### Task brief
In your reply, repeat every entry exactly and skip over each picture.

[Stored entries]
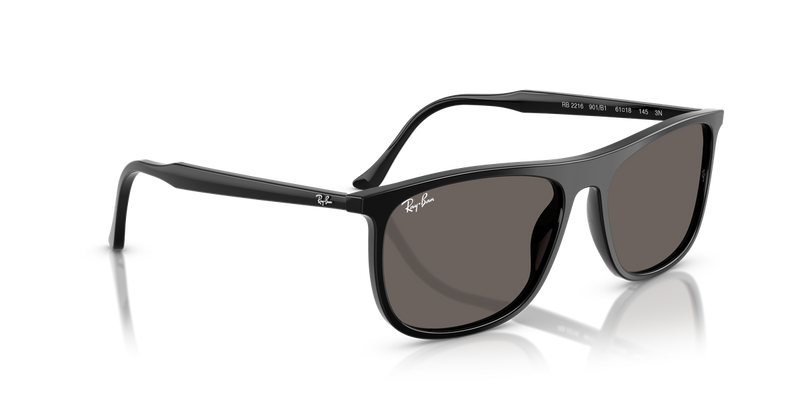 Ray-Ban RB2216 in Black - Alternate View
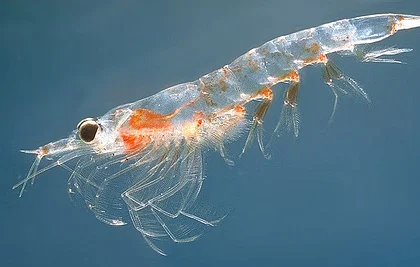 Total Krill Oil от Myvitamins има противовъзпалителни свойства и помага при артрит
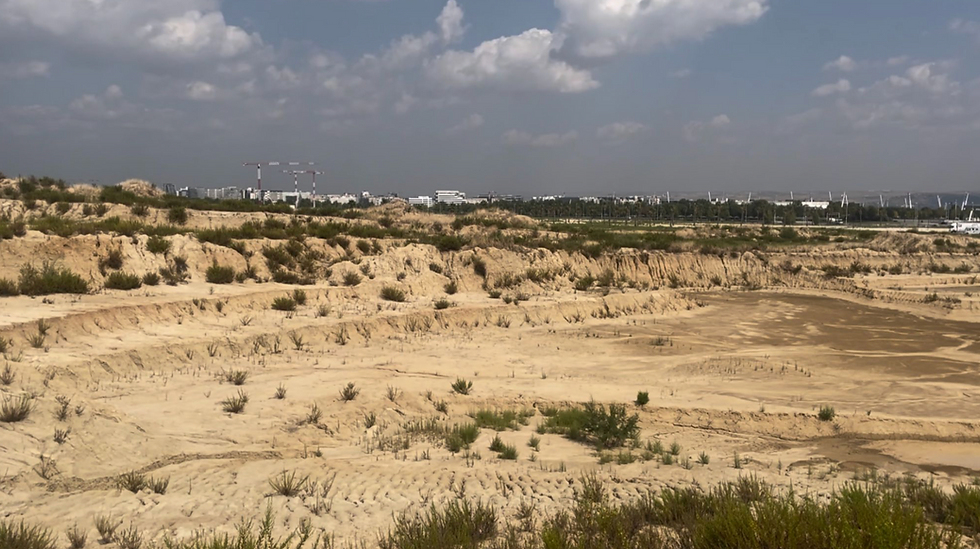 Sector 2 takes into account the area’s natural elevation | Credit: Peter Johnson (September 2024)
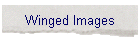 Winged Images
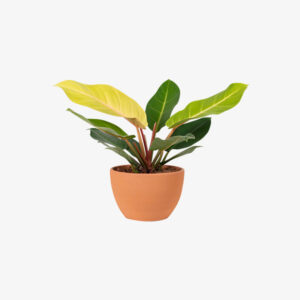 House Plant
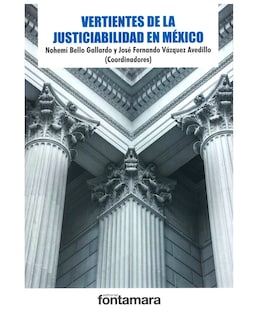 Foto 1 | Libro Vertientes De La Justiciabilidad En México - Fontamara - Noemí Bello Gallardo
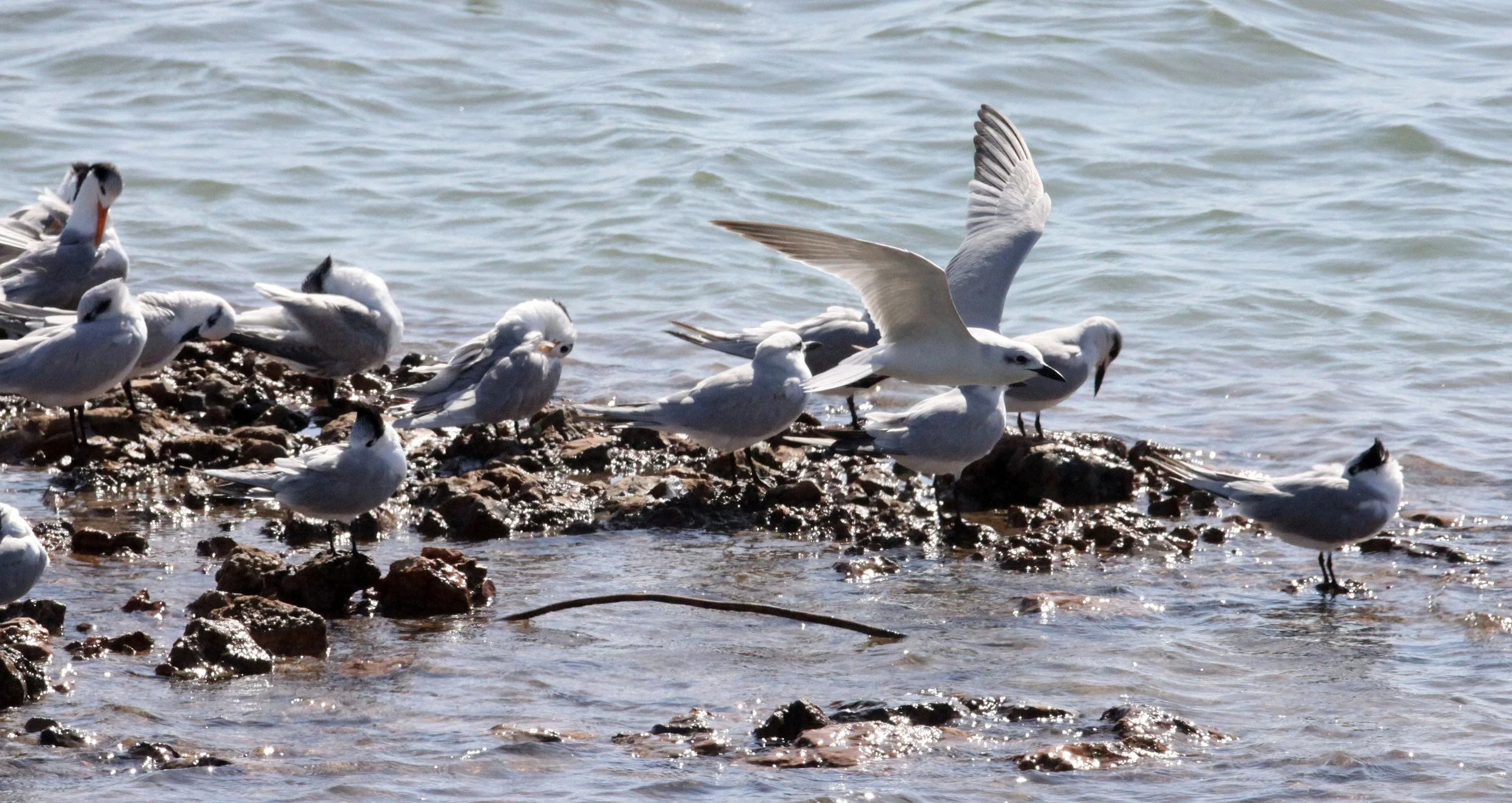 BIRD - TERN - LESSER CRESTED TERNS WITH GULL-BILLED AND CASPIAN TERNS - SOMCHAT GUJARAT INDIA (7).JPG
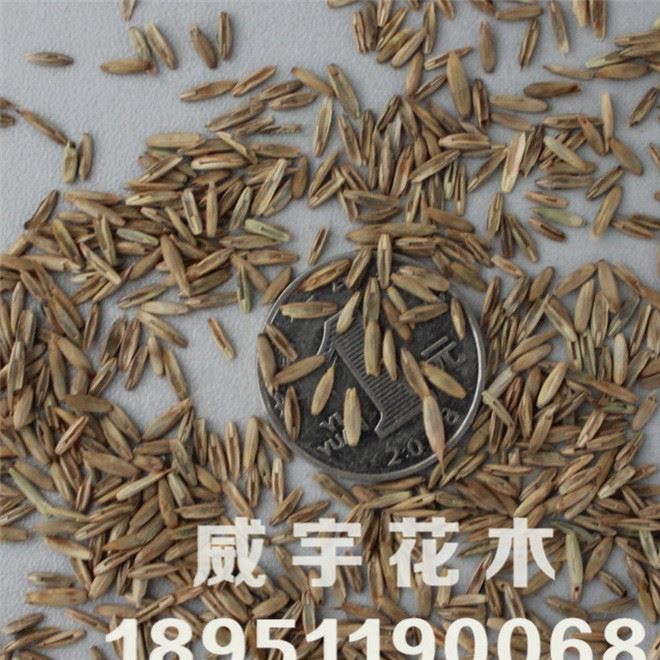 批发四季青草种 高羊茅草籽 耐践踏 护坡型 四季可播种 品种全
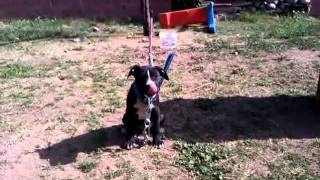 Boudreaux Pup Tight Breed Eli Mavrick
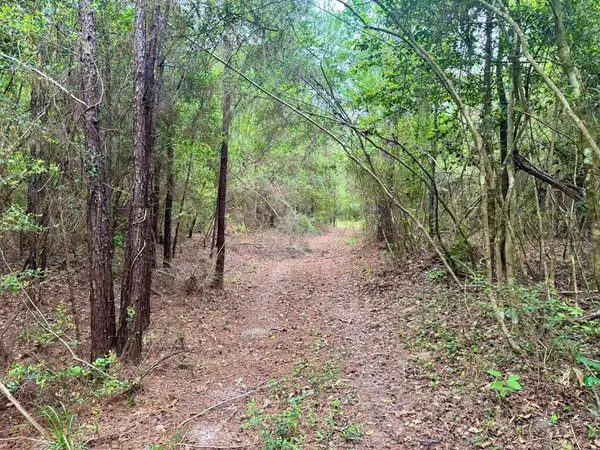 17 Accres County Road 1375, Warren, TX 77664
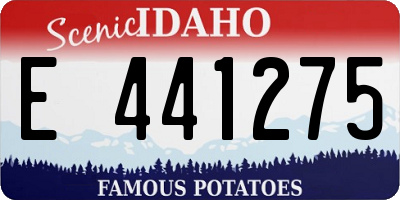 ID license plate E441275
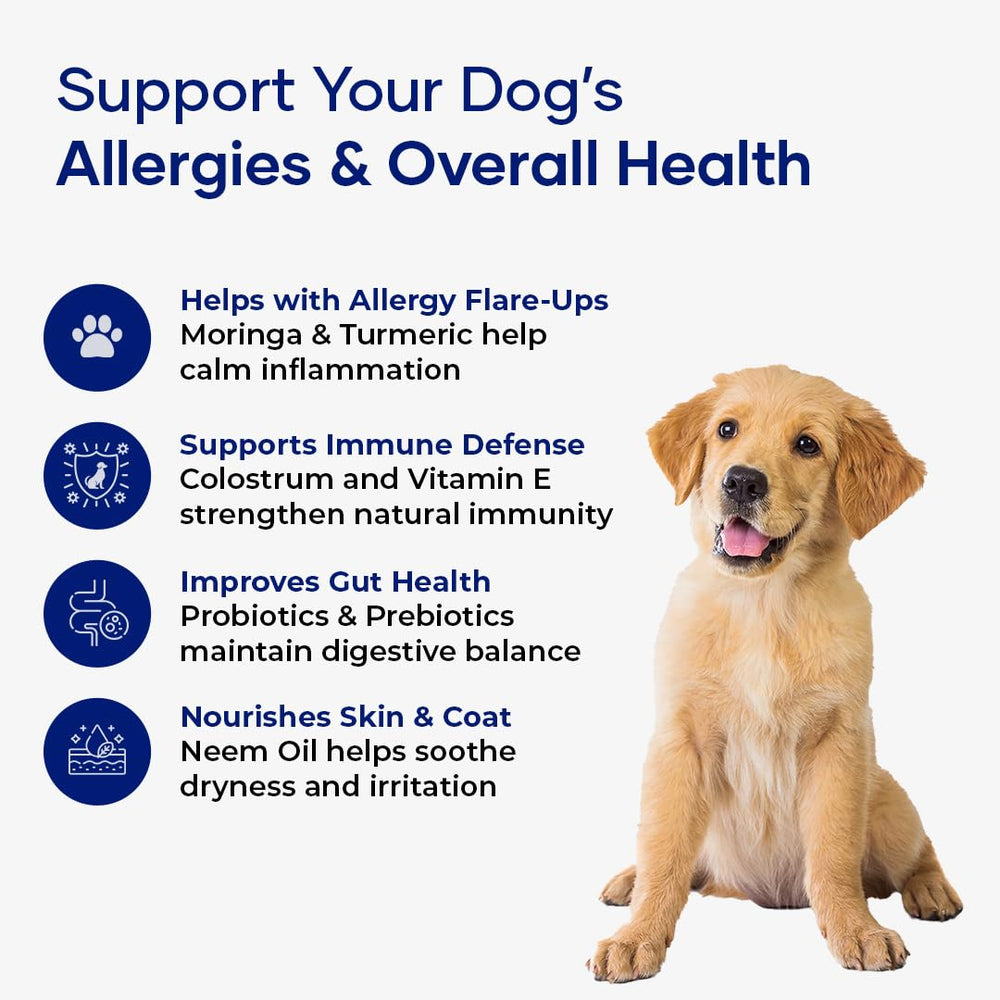Aniwell ImmunoFlo soft chew texture shown beside a paw.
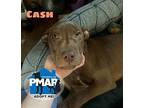 Cash Puppy Female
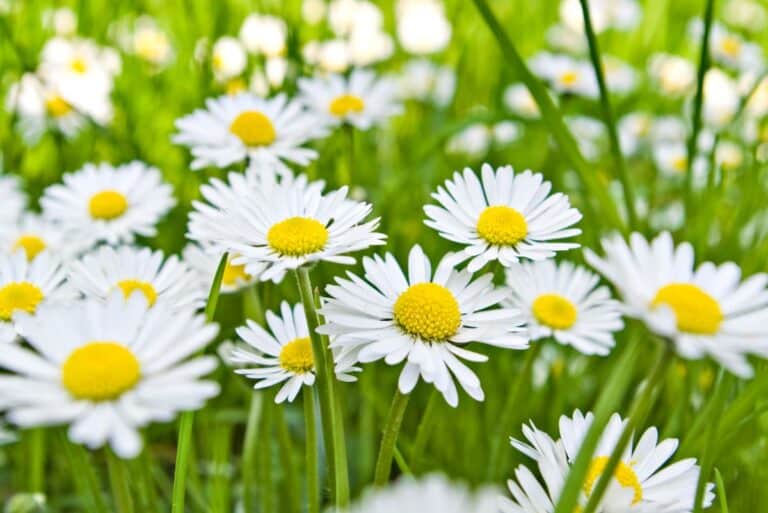 30 Most Popular Plants and Their Meanings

### Exercise output
 Ray-Ban RB2216 in Black - Alternate View
 Total Krill Oil от Myvitamins има противовъзпалителни свойства и помага при артрит
 Sector 2 takes into account the area’s natural elevation | Credit: Peter Johnson (September 2024)
 Winged Images
 House Plant
 Foto 1 | Libro Vertientes De La Justiciabilidad En México - Fontamara - Noemí Bello Gallardo
 BIRD - TERN - LESSER CRESTED TERNS WITH GULL-BILLED AND CASPIAN TERNS - SOMCHAT GUJARAT INDIA (7).JPG
 批发四季青草种 高羊茅草籽 耐践踏 护坡型 四季可播种 品种全
 Boudreaux Pup Tight Breed Eli Mavrick
 17 Accres County Road 1375, Warren, TX 77664
 ID license plate E441275
Aniwell ImmunoFlo soft chew texture shown beside a paw.
 Cash Puppy Female
 30 Most Popular Plants and Their Meanings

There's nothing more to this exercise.